今年も、福岡ドームに、始球式に行ってきました。
昨年は、連日、150球も投げ込んで、肩を壊すほどでした。
今年は、自分でも驚くくらい、かなりリラックスして臨みました。
練習は、2日前に、ボウリング場の上にあるピッチングマシンで、
60球ずつ投げただけでした。
試合前に、肩ならしのために、キャッチボールをするのですが、
その時、すでにいい感じのボールが投げられていました。
キャッチボールは、ボールボーイ君がやってくれるのですが、
この日、試合に出る北野選手が、キャッチボールの相手役を
買って出てくれました。
北野選手が、僕のボールがいいところに行くと、
「うん、いい感じ」と、うなずいてくれたのが、感激しました。
「ありがとうございました」と、お礼を言うと、
「がんばってください。
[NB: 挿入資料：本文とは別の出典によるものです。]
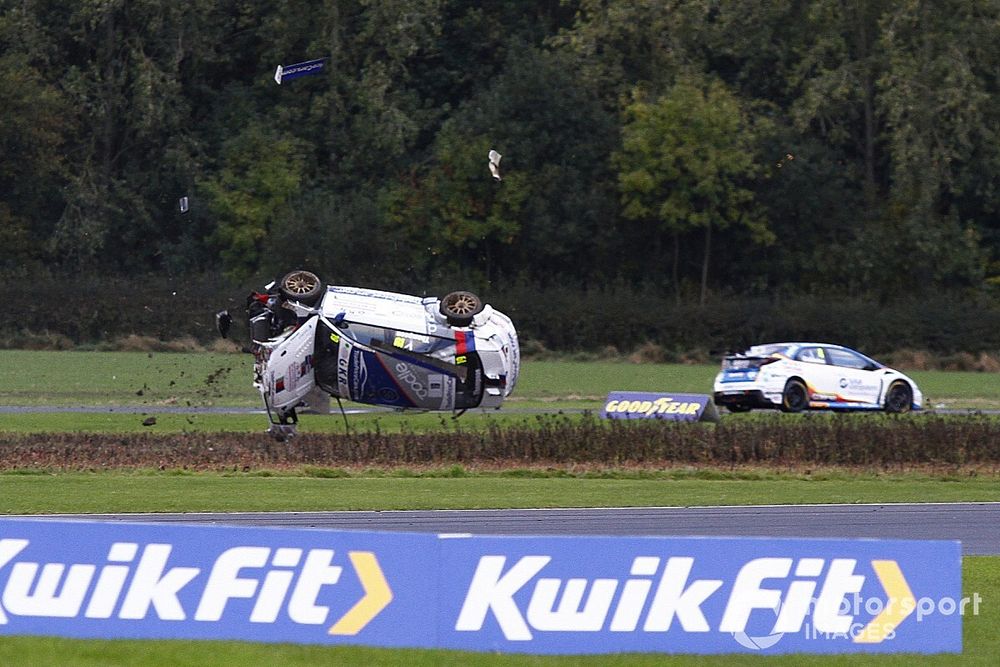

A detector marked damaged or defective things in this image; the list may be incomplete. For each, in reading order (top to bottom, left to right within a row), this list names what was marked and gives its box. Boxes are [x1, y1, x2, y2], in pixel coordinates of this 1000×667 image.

overturned race car [216, 268, 520, 440]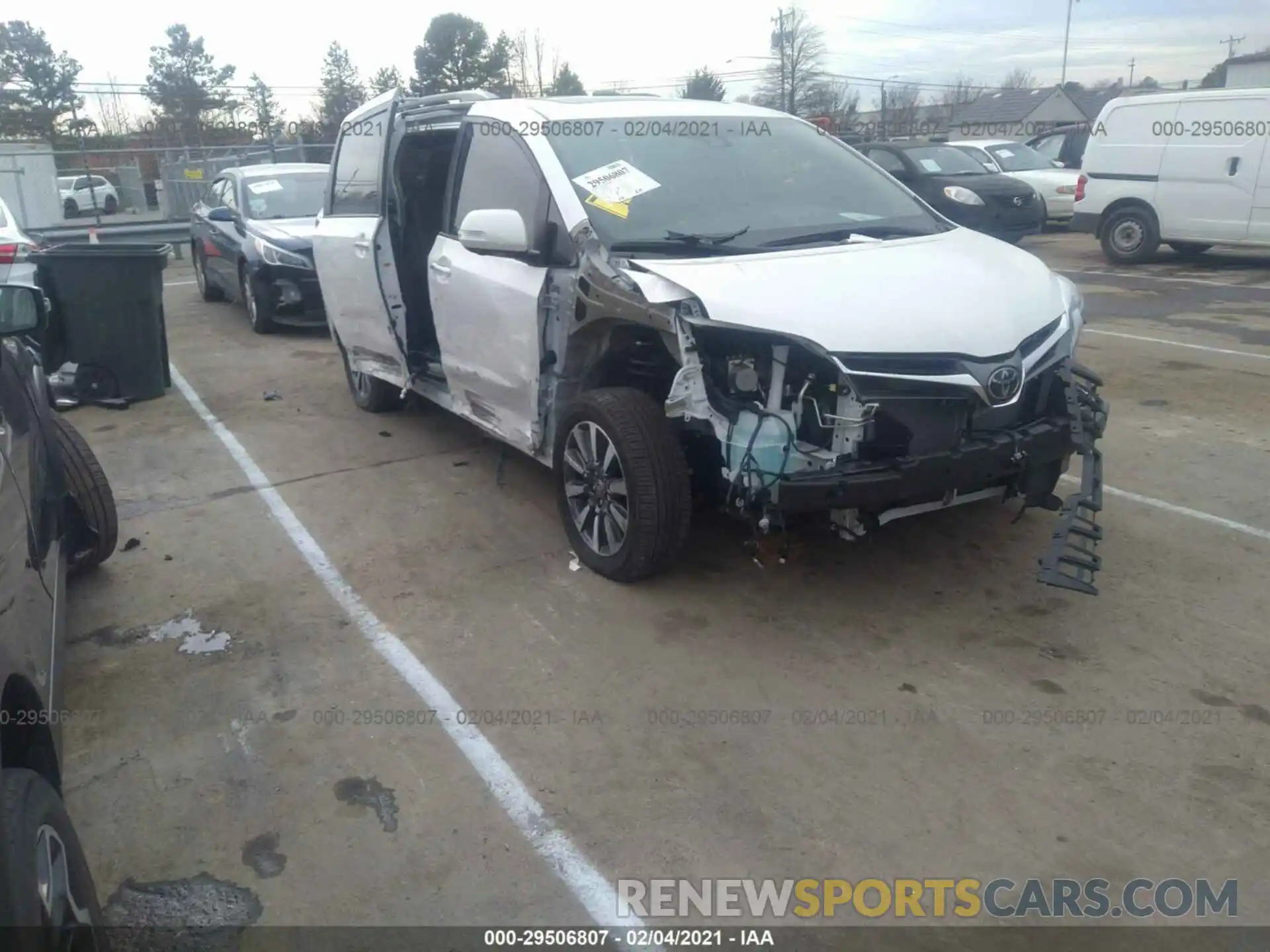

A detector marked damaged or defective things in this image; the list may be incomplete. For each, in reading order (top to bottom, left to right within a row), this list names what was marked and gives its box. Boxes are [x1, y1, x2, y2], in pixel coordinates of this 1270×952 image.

crumpled hood [245, 216, 318, 246]
crumpled hood [624, 228, 1072, 358]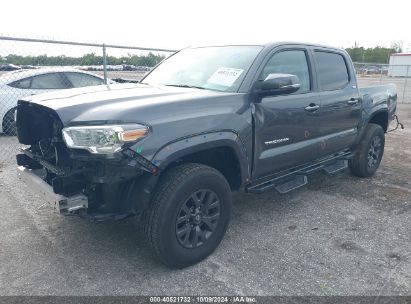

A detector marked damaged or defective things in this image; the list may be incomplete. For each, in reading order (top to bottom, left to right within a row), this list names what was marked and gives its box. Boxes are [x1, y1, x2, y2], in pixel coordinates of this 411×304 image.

本、読んでます」と言ってくれました。
肩ならしのあと、若菜元バッテリーコーチが、声をかけてくださいました。
「野球は、やってなかったの?」
「野球、やってたの?」ではなく、
「なかったの?」というところが、さすが名捕手は、見抜きました。
「はい、3歳から親にキャッチボールをやらされて、
オマエは野球をするな、と言われました」
と、言いました。
「マウンドから見ると、キャッチャーが低く見えるから、
つい、投げ下ろして、ワンバウンドしやすいから、
真っ直ぐ投げればいいよ」
と、元バッテリーコーチは、アドバイスしてくれました。
電光掲示板には、
「南海ホークス子供の会出身」と紹介されました。
「中谷さん、本、読んでますよ」と、声をかけてくれたファンの方もいました。
阪神の先頭バッターは、右バッター。
前回、あっちこっちにお辞儀しすぎたので、
今年は控えめにして、投げました。
「おおお」
という声が、スタッフの間から聞こえたような気がしました。
僕の投げたボールは、
見事、正真正銘のストライク。
内角に入ったのは、ど真ん中より右側から攻めるクセが、
ボウリングでついているせいでした。
毎日、ボウリングで緊張している成果が出ました。
これもすべて、ファンの方の励ましと、
北野選手のうなずきと、若菜元コーチのアドバイスのおかげでした。
すっかり、お立ち台のコメントになってしまいました。

                        中谷彰宏拝
P.S.
翌日のスポーツ新聞には、
「ホークスファンで有名な作家の中谷彰宏さんが、
始球式の大役を果たされました」と紹介されていました。